Transcribe exactly the entries from the "Reusable Grocery Tote" line to the end, both included, minus pictures.

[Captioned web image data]
┌──

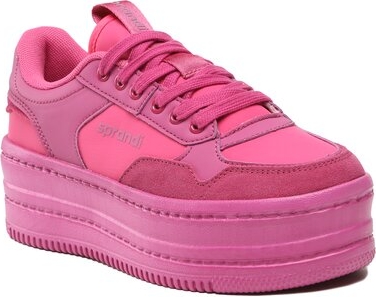 Różowe buty sportowe Sprandi w sportowym stylu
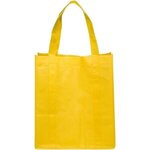 Reusable Grocery Tote Bags - Silkscreen - Yellow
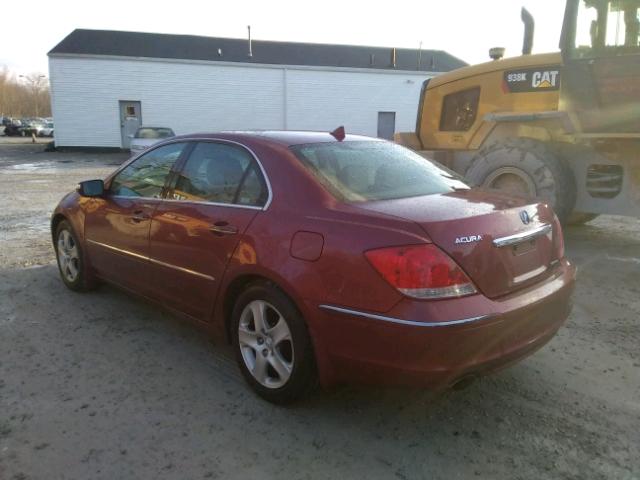 JH4KB16586C002483 - 2006 ACURA RL RED photo 3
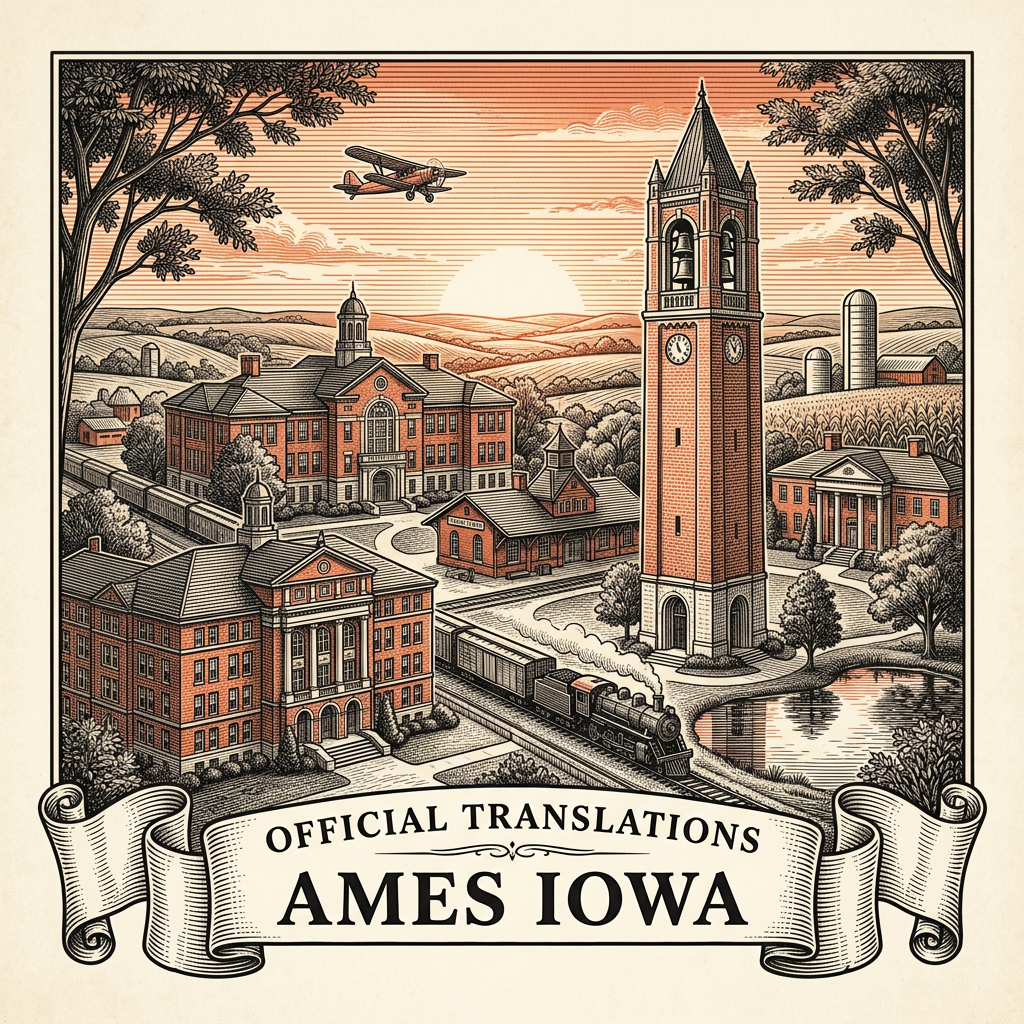 Ames certified translation services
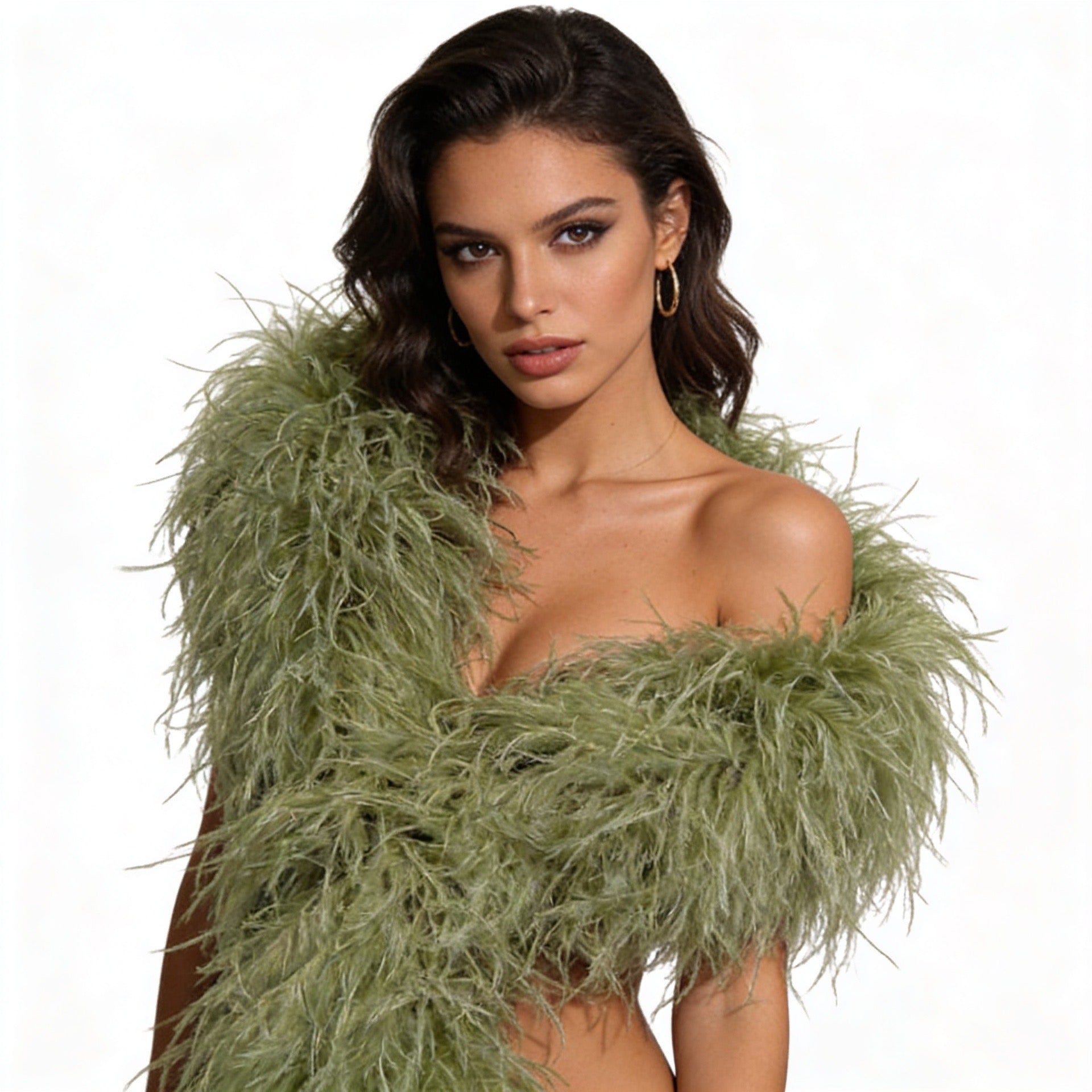 Ostrich Feather Boa - 8Ply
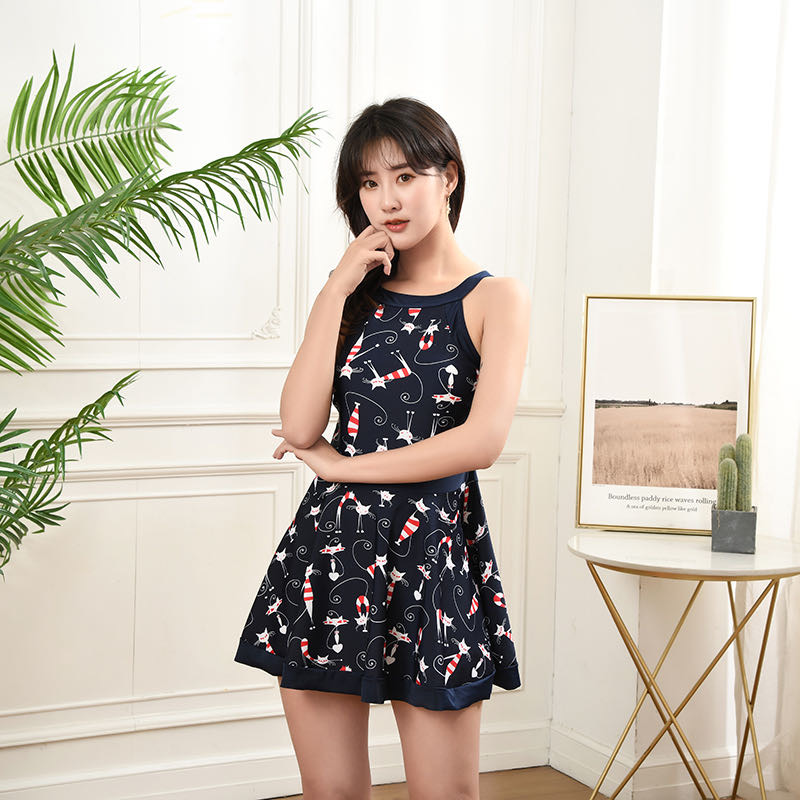 涤纶面料时尚款猫咪连体泳衣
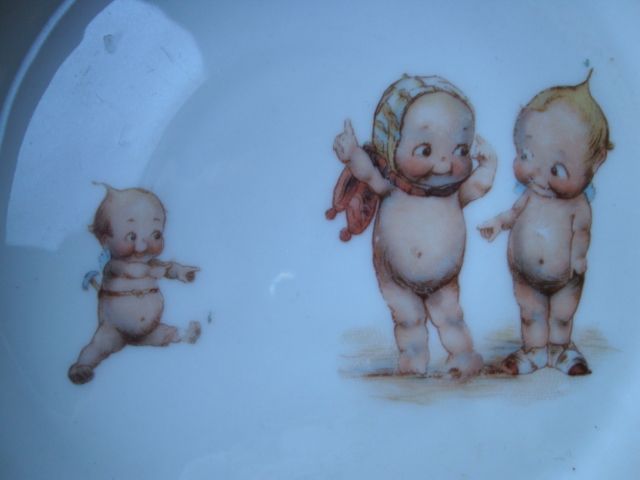 Vintage Kewpie Baby Dish Vintage Kewpie Baby Dish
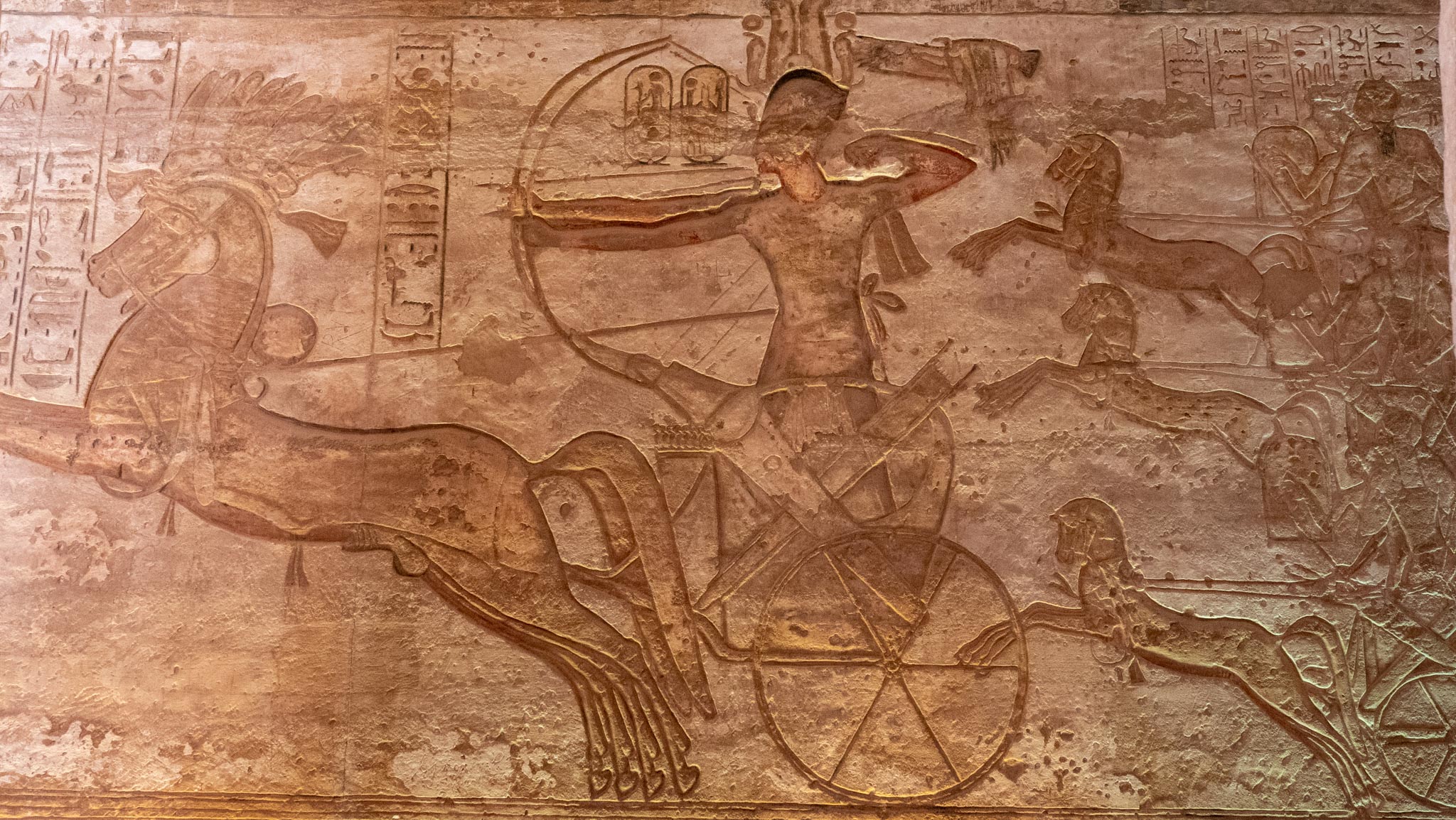 Egypt, Abu Simbel - Great Temple -Ramesses II - Vestibule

└──

Solution for this exercise:
 Reusable Grocery Tote Bags - Silkscreen - Yellow
 JH4KB16586C002483 - 2006 ACURA RL RED photo 3
 Ames certified translation services
 Ostrich Feather Boa - 8Ply
 涤纶面料时尚款猫咪连体泳衣
 Vintage Kewpie Baby Dish Vintage Kewpie Baby Dish
 Egypt, Abu Simbel - Great Temple -Ramesses II - Vestibule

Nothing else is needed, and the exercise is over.